Friday, June 10, 2011

If your running HP Virtual Connect, you better upgrade to 3.17

It’s hard for me to believe that DNS settings on your Flex10 will cause HP virtual Connect Manager to die, but apparently it’s true.  We had this issue, one of our Flex10 adapters went offline, causing our ESX hosts to go into Isolation mode, causing our guest VM’s to all power down.  I am not a happy camper with HP right now.

http://h20000.www2.hp.com/bizsupport/TechSupport/Document.jsp?objectID=c02720395&lang=en&cc=us&taskId=101&prodSeriesId=3540808&prodTypeId=329290

 

SUPPORT COMMUNICATION - CUSTOMER ADVISORY

Document ID: c02720395

Version: 5

Advisory: (Revision) HP Virtual Connect - Virtual Connect Manager May Be Unable to Communicate (NO_COMM) if DNS Is Enabled for Virtual Connect Ethernet Modules

NOTICE: The information in this document, including products and software versions, is current as of the Release Date. This document is subject to change without notice.

Release Date: 2011-04-14

Last Updated: 2011-04-14


DESCRIPTION

Document Version

Release Date

Details

5

04/14/2011

Added VC firmware v3.17 availability, VCEM clarification and an OA Customer Advisory reference to the Resolution section. Also, added clearer guidance to customers on when to perform the resolution and explanation of VC network stability in an intermittent DNS environment

4

04/07/2011

Updated Description to include an error message that may be seen when this issue occurs.

3

03/07/2011

Added clarifications to the three scenarios described in the Resolution section to ensure the full sequence of steps is followed.

2

03/04/2011

Added additional details regarding the circumstances in which the issue may occur. Also, added three different workaround scenarios depending on whether Enclosure Bay IP Addressing (EBIPA) or external DHCP is being used and the version of OA firmware that is in use.

1

02/14/2011

Original Document Release.

The HP Virtual Connect Manager (VCM) may not be able to communicate (NO_COMM) with Virtual Connect (VC) Ethernet modules in an HP BladeSystem c-Class enclosure or multiple enclosures that are part of the same Virtual Connect Domain.

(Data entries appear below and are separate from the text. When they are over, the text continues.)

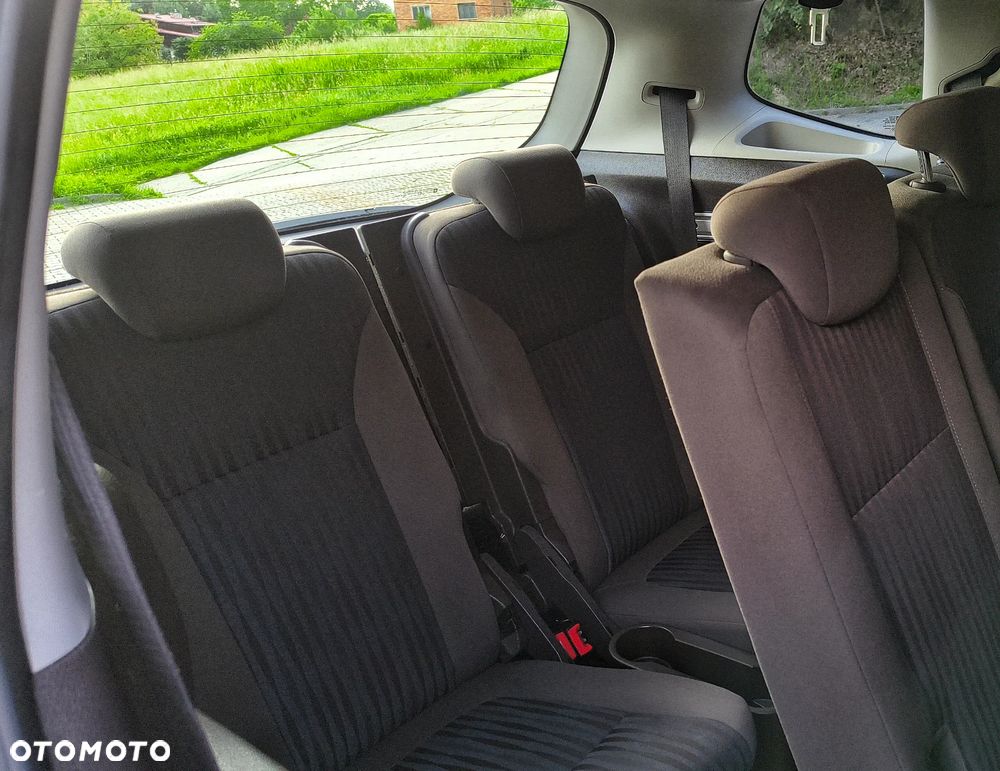 Opel Zafira - 17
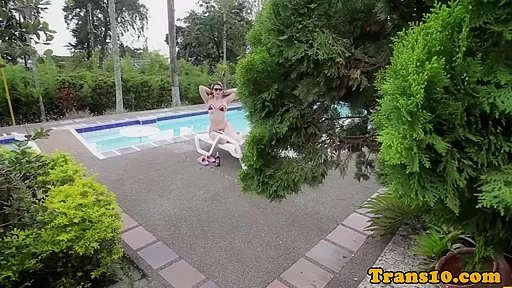 Bubblebutt tgirl bouncing her round ass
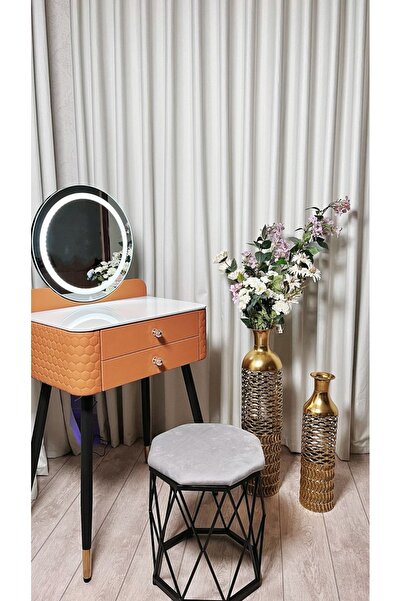 Un LED makeup vanity with a luxurious design adds a touch of beauty to your home.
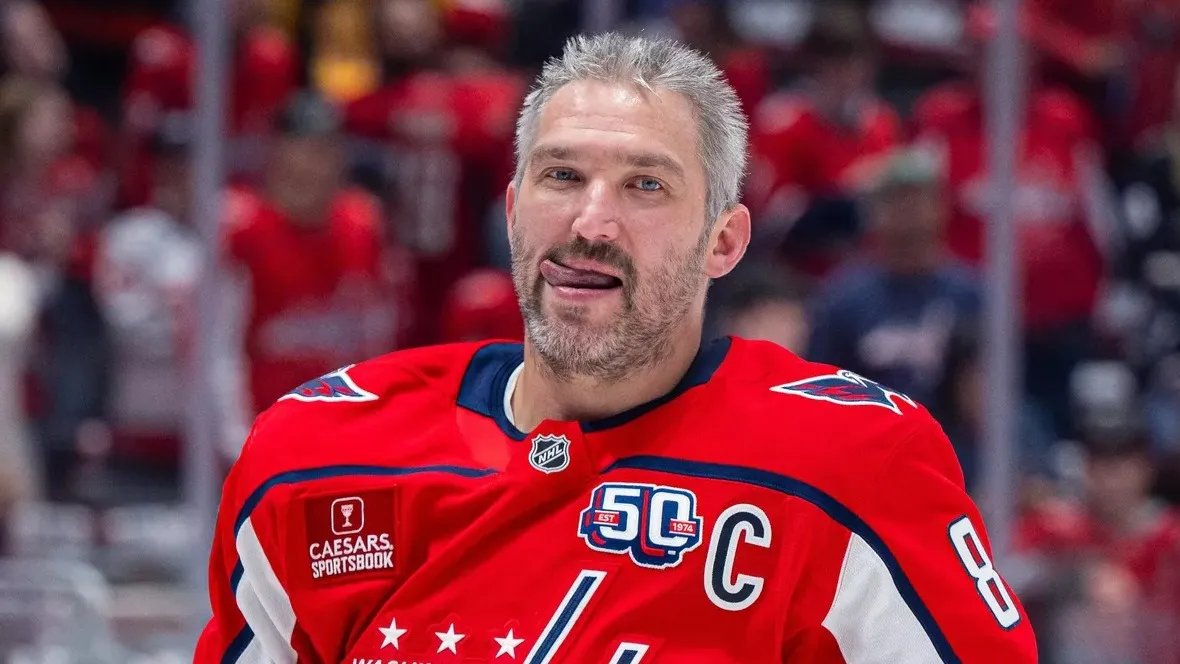 Овечкин снова обошел Гретцки: новый рекорд в истории НХЛ фото на sportnews.kz от 06 января 2026 14:44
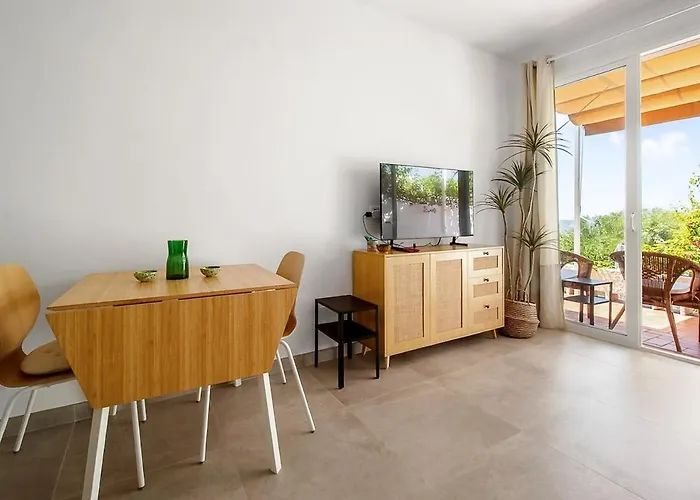 Cozy 2br Flat With Terrace & Pool *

IMPORTANT: Due to the possibility of a VC network outage, HP recommends that the customer follow the Resolution below as soon as possible.

The NO_COMM state may occur in a new or an existing environment when a VCM Administrator attempts to perform any of the following tasks:

  • Firmware Update
  • Add/remove/reset server blades or Onboard Administrator (OA) modules
  • Retrieve any VC Ethernet module status and state information (e.g. stacking links, port statistics, etc.)
  • Add/edit/copy/delete/assign Server Profile
  • Add/edit/delete VC Network
  • Configure Port Mirroring
  • Restore Domain Configuration
  • Change SNMP Settings
  • Change Advanced Ethernet Settings
  • Executing the "Complete VC Domain Maintenance" command in Virtual Connect Enterprise Manager (VCEM)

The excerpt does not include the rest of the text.